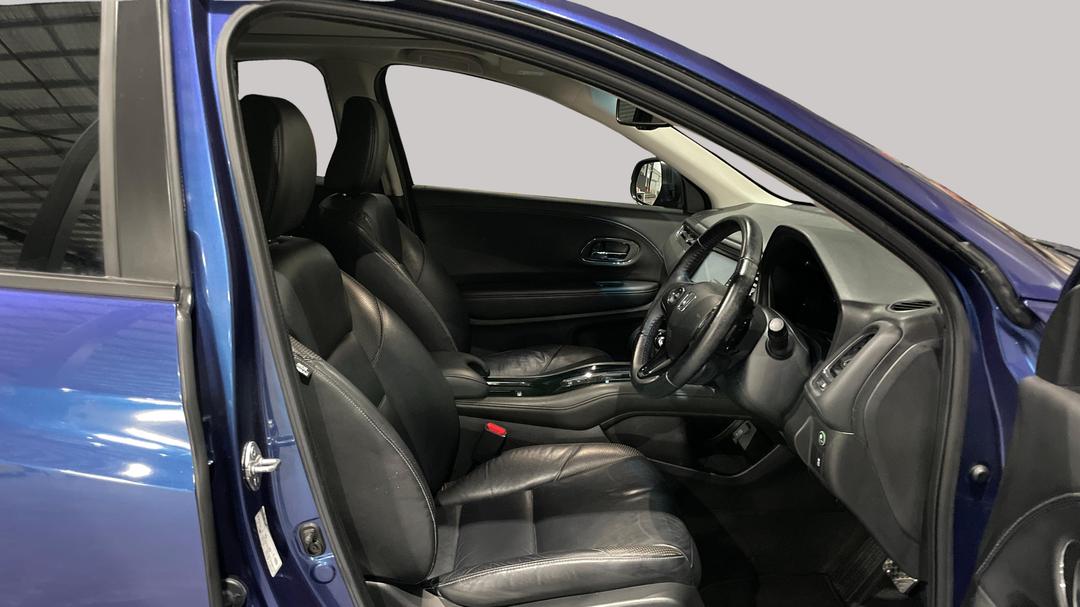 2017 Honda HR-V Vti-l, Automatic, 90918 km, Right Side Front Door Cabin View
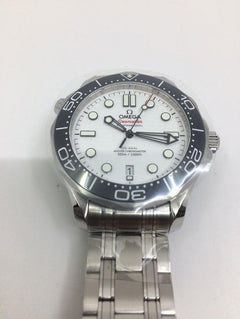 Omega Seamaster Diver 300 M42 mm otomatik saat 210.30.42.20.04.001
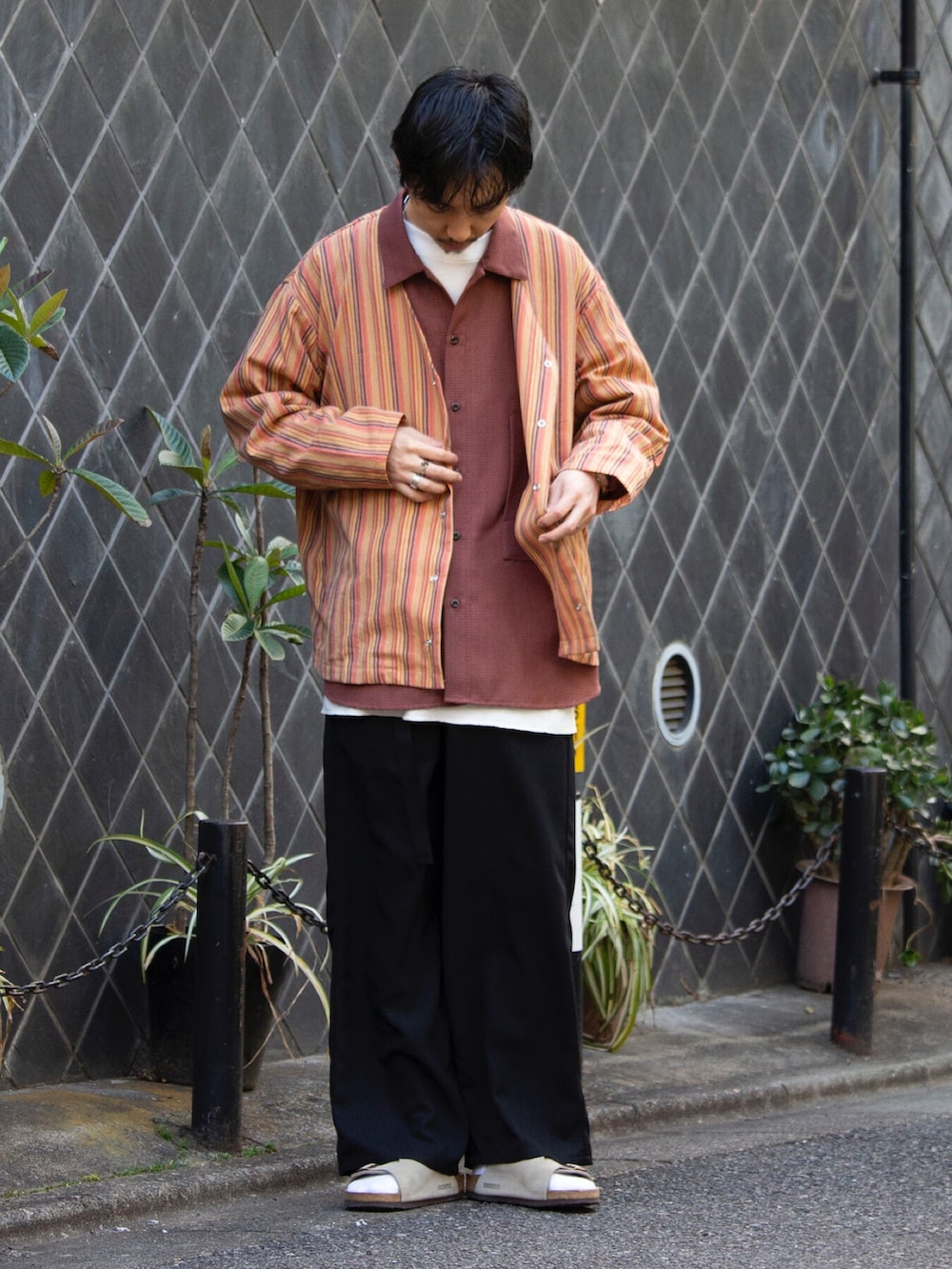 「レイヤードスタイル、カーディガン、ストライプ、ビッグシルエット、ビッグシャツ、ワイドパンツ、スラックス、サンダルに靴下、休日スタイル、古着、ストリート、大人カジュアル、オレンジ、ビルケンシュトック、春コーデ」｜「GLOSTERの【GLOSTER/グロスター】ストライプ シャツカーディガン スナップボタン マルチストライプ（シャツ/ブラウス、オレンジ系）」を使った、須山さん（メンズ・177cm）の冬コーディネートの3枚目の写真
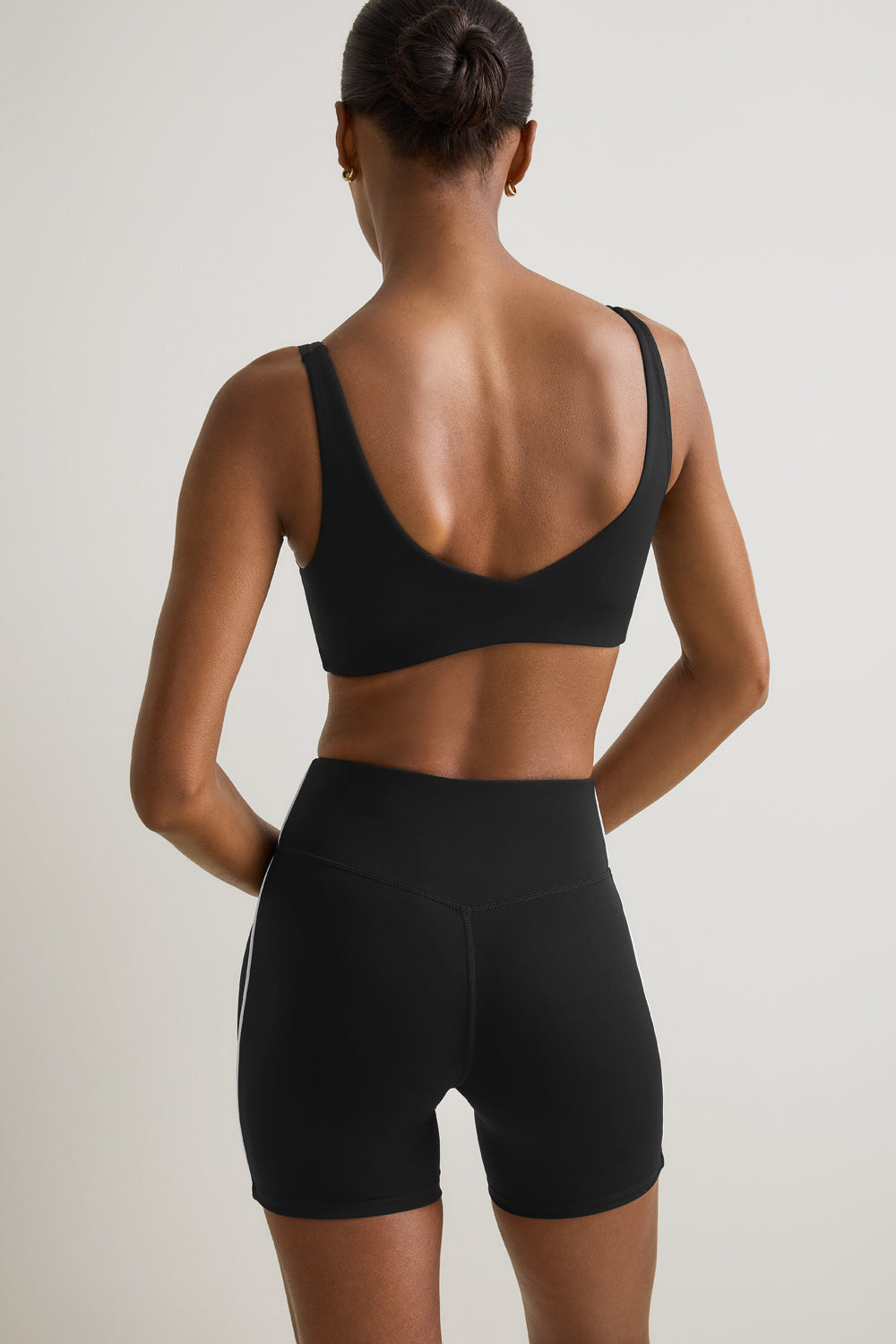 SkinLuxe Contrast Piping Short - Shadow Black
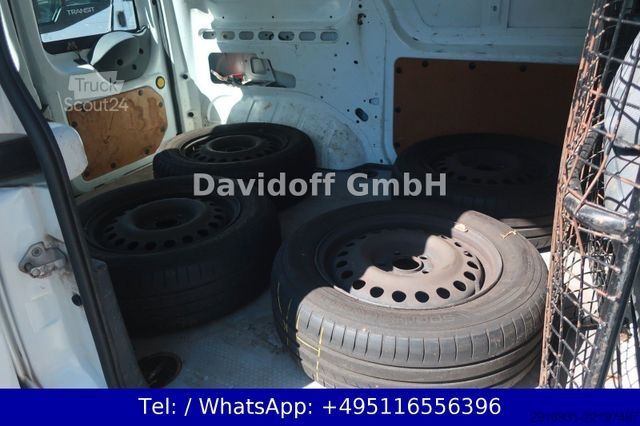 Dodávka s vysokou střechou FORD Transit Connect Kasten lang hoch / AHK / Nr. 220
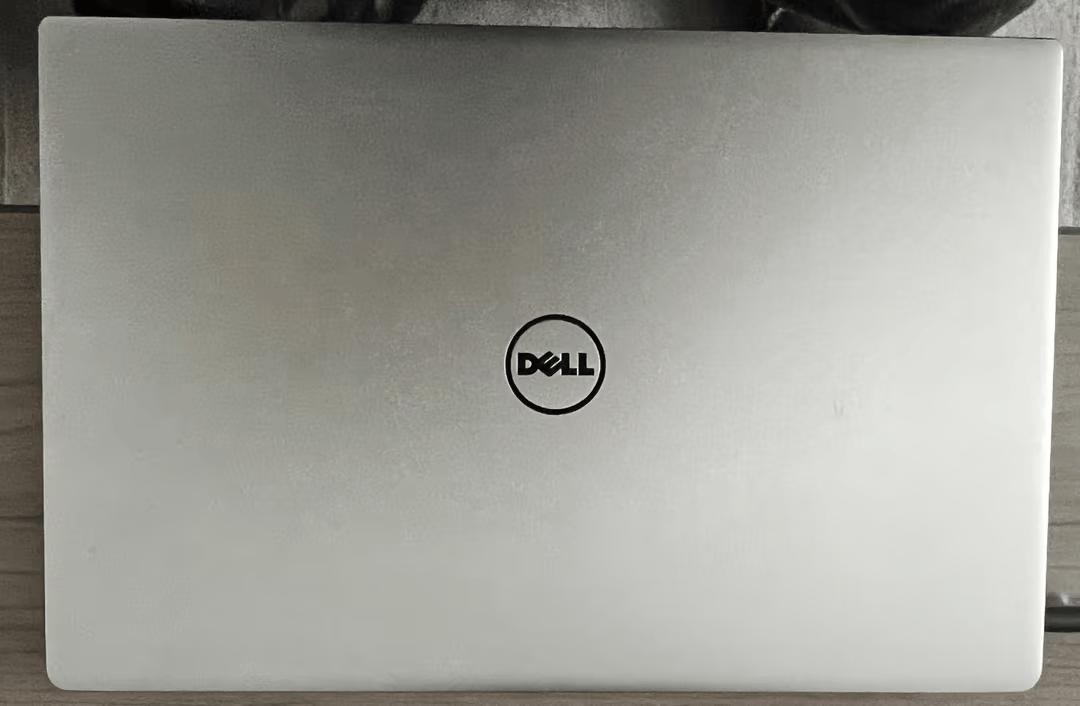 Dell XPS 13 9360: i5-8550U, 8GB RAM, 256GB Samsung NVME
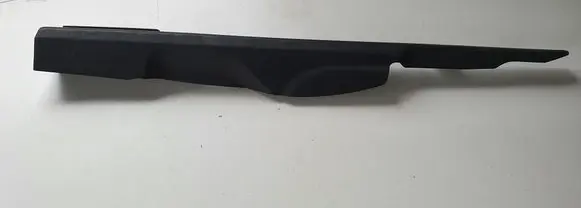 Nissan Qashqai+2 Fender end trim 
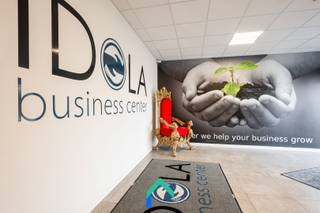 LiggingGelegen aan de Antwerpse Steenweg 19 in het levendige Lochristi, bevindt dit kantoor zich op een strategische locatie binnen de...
::::::
Task objective
Find the line holding "SkinLuxe Contrast Piping" in the data above. Retype it and every later line exactly, through the end, but not the pictures.

Reply to the exercise
 SkinLuxe Contrast Piping Short - Shadow Black
 Dodávka s vysokou střechou FORD Transit Connect Kasten lang hoch / AHK / Nr. 220
 Dell XPS 13 9360: i5-8550U, 8GB RAM, 256GB Samsung NVME
 Nissan Qashqai+2 Fender end trim 
 LiggingGelegen aan de Antwerpse Steenweg 19 in het levendige Lochristi, bevindt dit kantoor zich op een strategische locatie binnen de...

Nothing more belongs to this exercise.